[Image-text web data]
☆ ☆ ☆

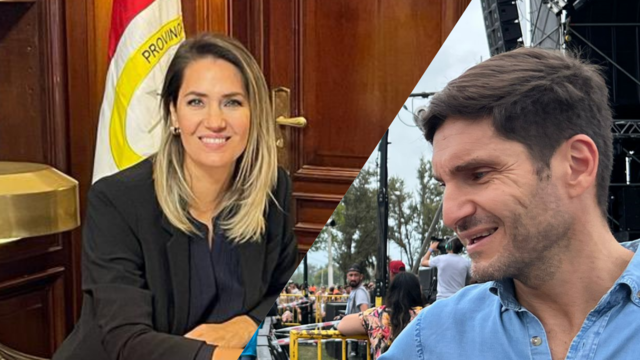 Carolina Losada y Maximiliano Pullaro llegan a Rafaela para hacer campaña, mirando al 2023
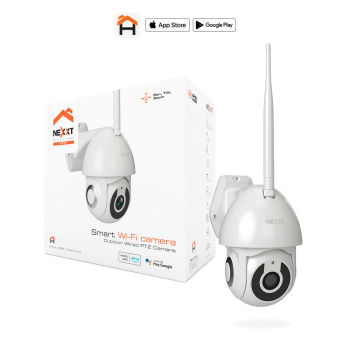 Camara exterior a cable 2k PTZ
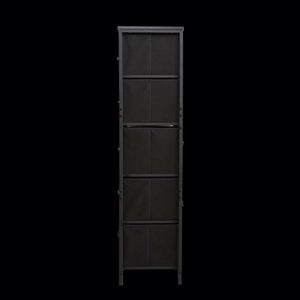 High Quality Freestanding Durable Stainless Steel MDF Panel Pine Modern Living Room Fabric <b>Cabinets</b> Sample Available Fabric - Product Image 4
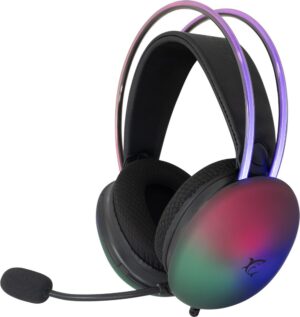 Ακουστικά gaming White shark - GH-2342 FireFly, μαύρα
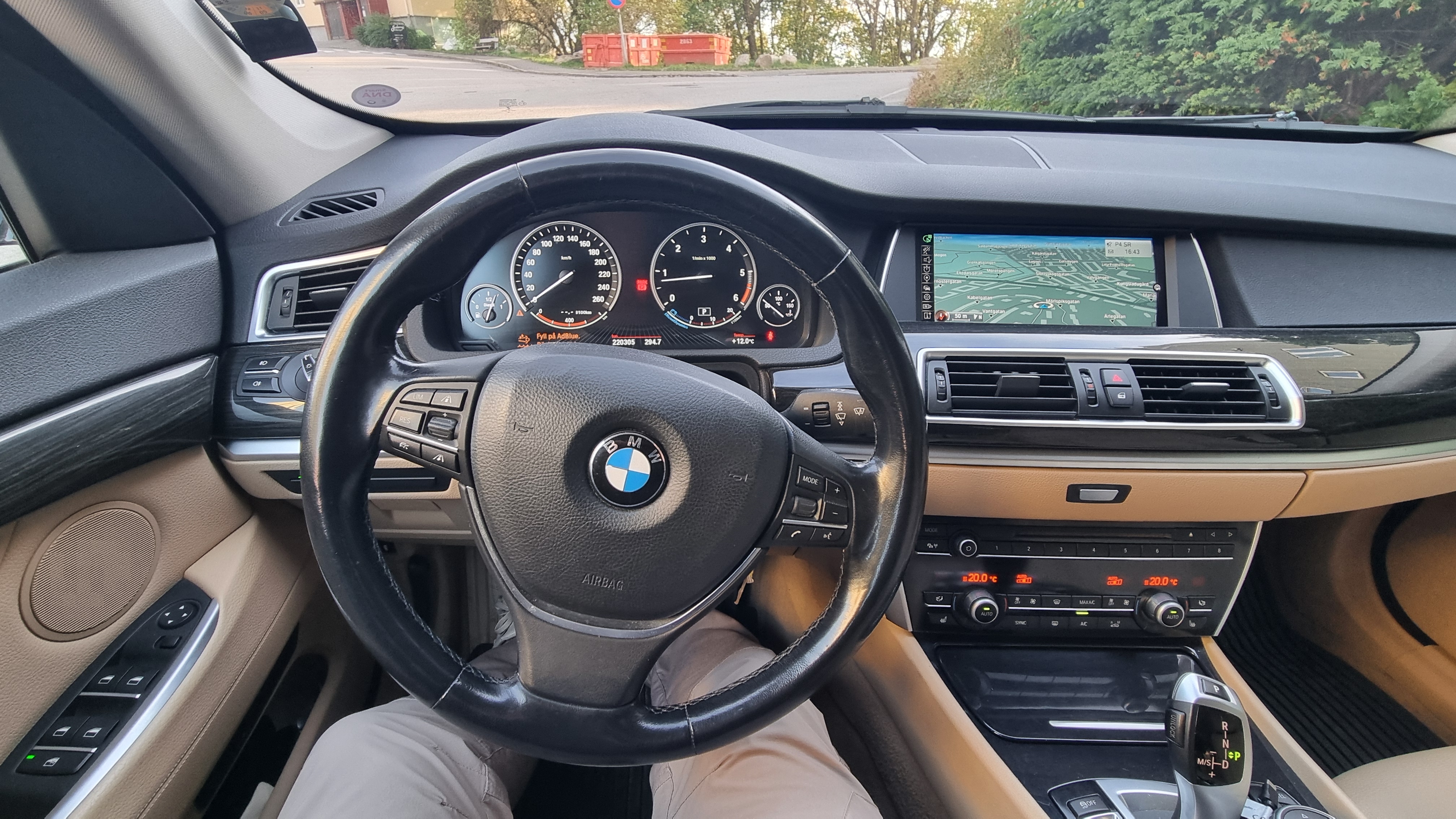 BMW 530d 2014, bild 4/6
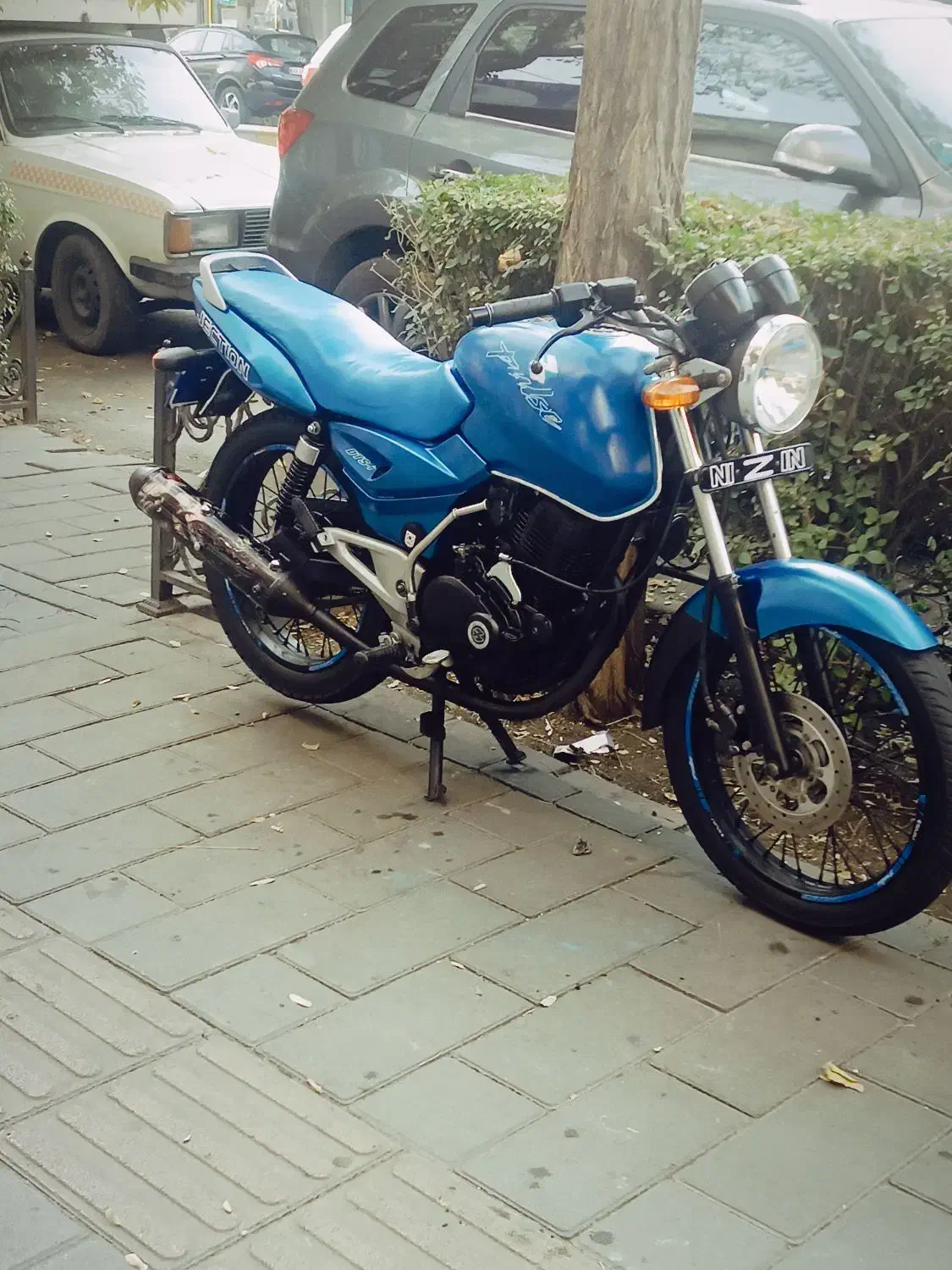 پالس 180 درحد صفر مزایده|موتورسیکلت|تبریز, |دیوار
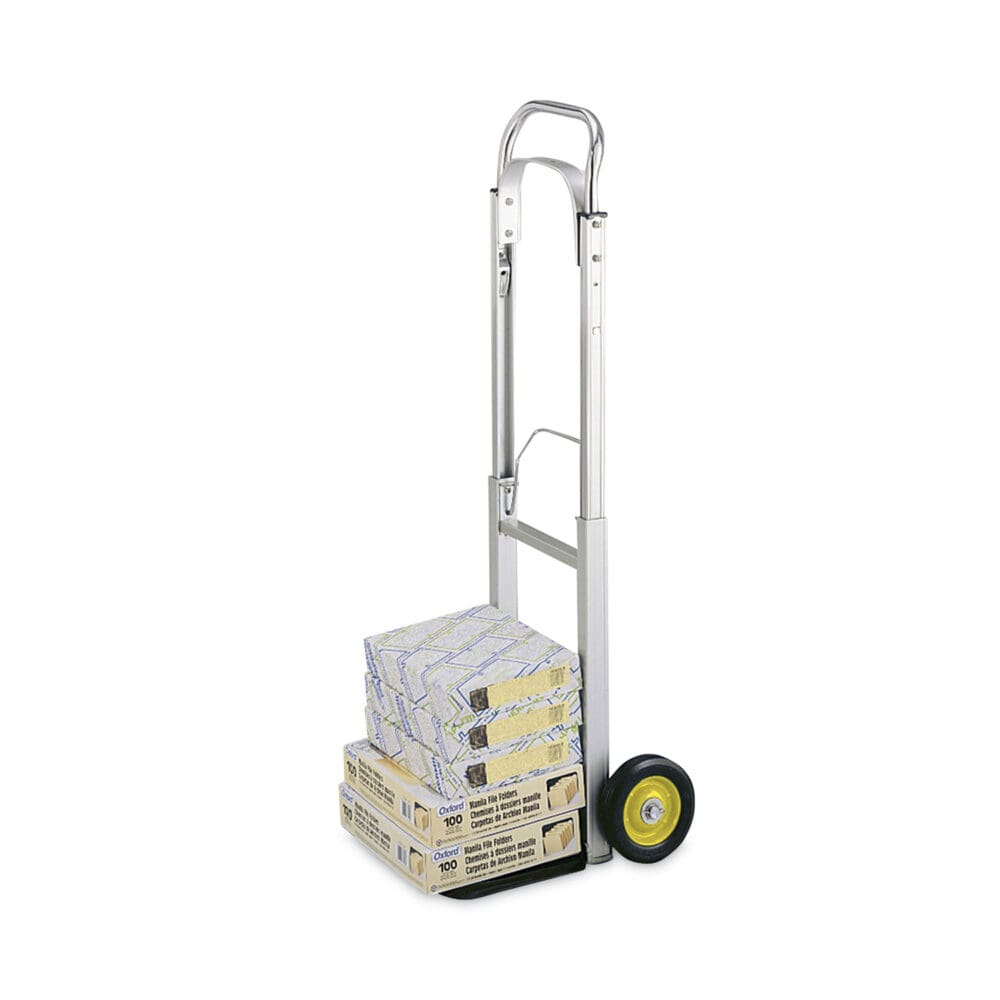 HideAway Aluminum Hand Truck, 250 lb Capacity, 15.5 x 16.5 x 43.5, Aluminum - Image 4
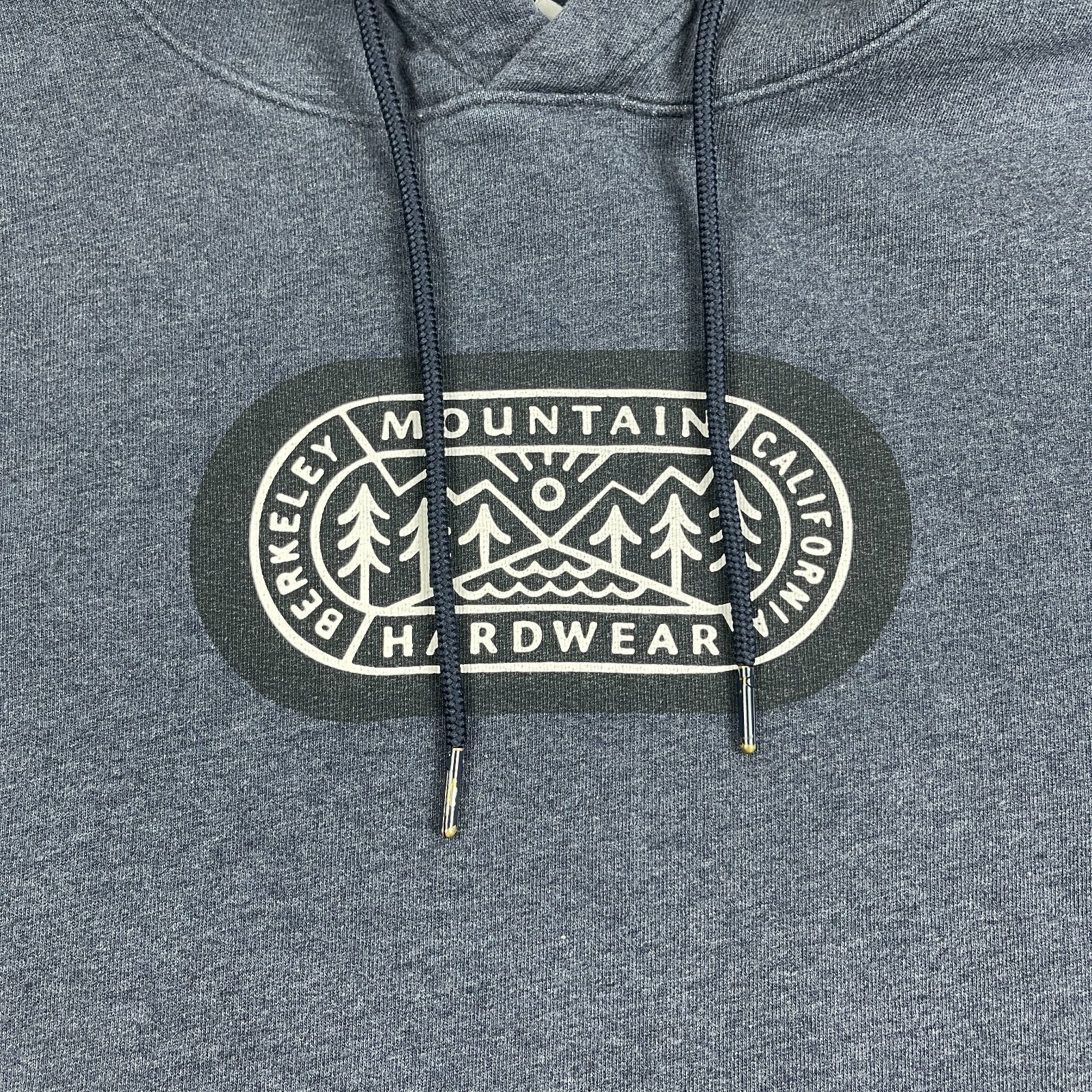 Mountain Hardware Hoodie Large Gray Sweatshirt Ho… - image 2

☆ ☆ ☆

> **Work item**
Reproduce the data above exactly, leaving out any picture in it.

> **Task output**
 Carolina Losada y Maximiliano Pullaro llegan a Rafaela para hacer campaña, mirando al 2023
 Camara exterior a cable 2k PTZ
 High Quality Freestanding Durable Stainless Steel MDF Panel Pine Modern Living Room Fabric <b>Cabinets</b> Sample Available Fabric - Product Image 4
 Ακουστικά gaming White shark - GH-2342 FireFly, μαύρα
 BMW 530d 2014, bild 4/6
 پالس 180 درحد صفر مزایده|موتورسیکلت|تبریز, |دیوار
 HideAway Aluminum Hand Truck, 250 lb Capacity, 15.5 x 16.5 x 43.5, Aluminum - Image 4
 Mountain Hardware Hoodie Large Gray Sweatshirt Ho… - image 2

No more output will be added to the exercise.